Segment Start: Data shown

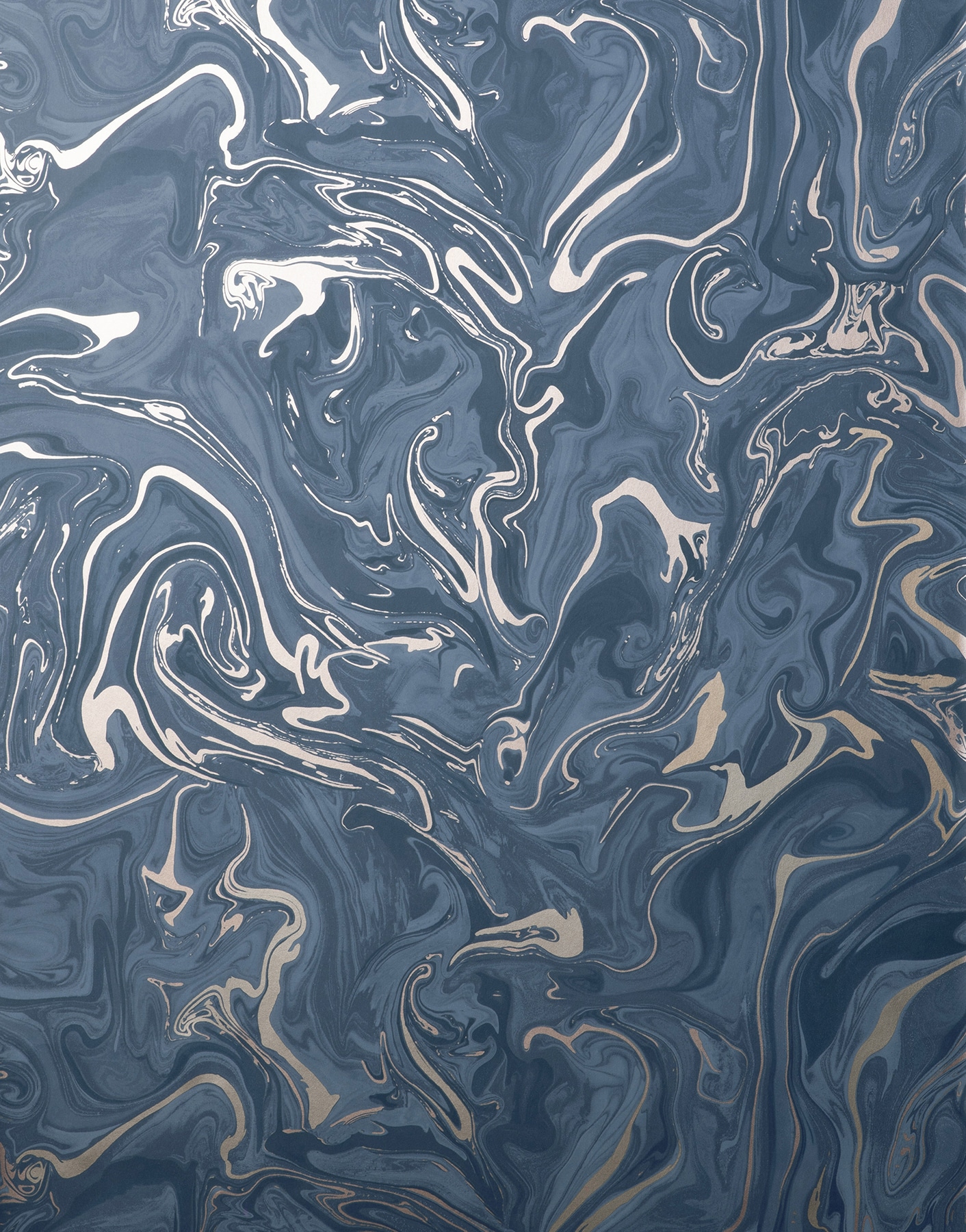 Fine Decor Suave Navy Marble Wallpaper in the Wallpaper department at ...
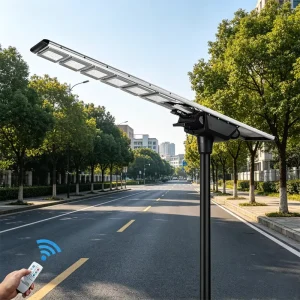 Solar Public Lighting Outdoor Waterproof All in One Solar Street Light High Lumen for Parking Lot Village Road
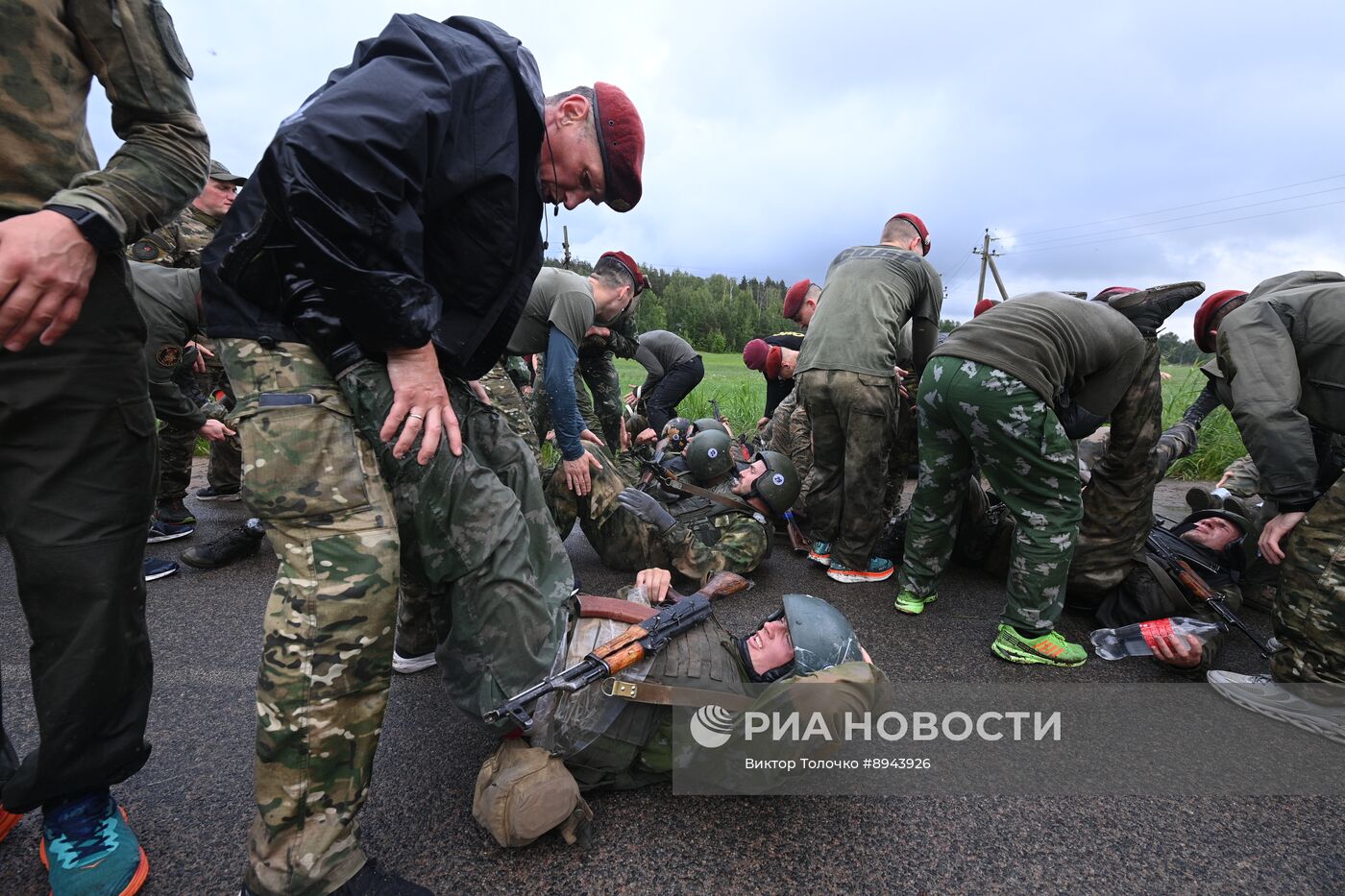 Экзамен белорусского спецназа на право ношения крапового берета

Segment End: Data shown

* _Task details_
Reprint all the data above verbatim, excluding pictures.

* _Answer box_
 Fine Decor Suave Navy Marble Wallpaper in the Wallpaper department at ...
 Solar Public Lighting Outdoor Waterproof All in One Solar Street Light High Lumen for Parking Lot Village Road
 Экзамен белорусского спецназа на право ношения крапового берета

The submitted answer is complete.